- Granite Pass
- U.S. National Register of Historic Places
- Location: Southwest of Oakley, less than 0.5 miles north of the Utah boundary
- Nearest city: Oakley, Idaho
- Coordinates: 41°59′32″N 113°51′3″W﻿ / ﻿41.99222°N 113.85083°W
- Area: 160 acres (65 ha)
- NRHP reference No.: 72000439
- Added to NRHP: June 28, 1972

= Granite Pass (California Trail) =

Granite Pass on the California Trail, located in what is now Cassia County, Idaho less than half a mile north of Utah, has historic significance dating to 1842 when it was found by Joseph B. Chiles to serve as an adequate emigrant trail route to come west toward California from the Oregon Trail route that went through Fort Hall.

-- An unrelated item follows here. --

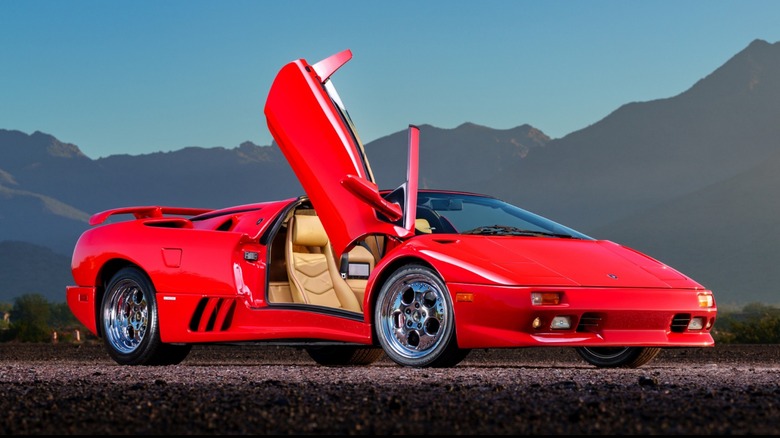 A red Lamborghini Diablo parked on pavement with the passenger door open in front of a distant mountain range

Chiles was then returning east to Fort Hall in a small group that dropped out of the Bartleson–Bidwell Party, the first group attempting to emigrate with wagons from Missouri to California. The Granite Pass can be seen from far away, coming from that direction. When Chiles brought a west-bound wagon group through the pass in 1843 it became established. The California Trail eventually evolved and went through this pass; Chiles led seven different groups through the pass. When first used for emigrants as a wagon trail, it was part of Mexico.

A 160 acre area at the pass was listed on the National Register of Historic Places in 1972.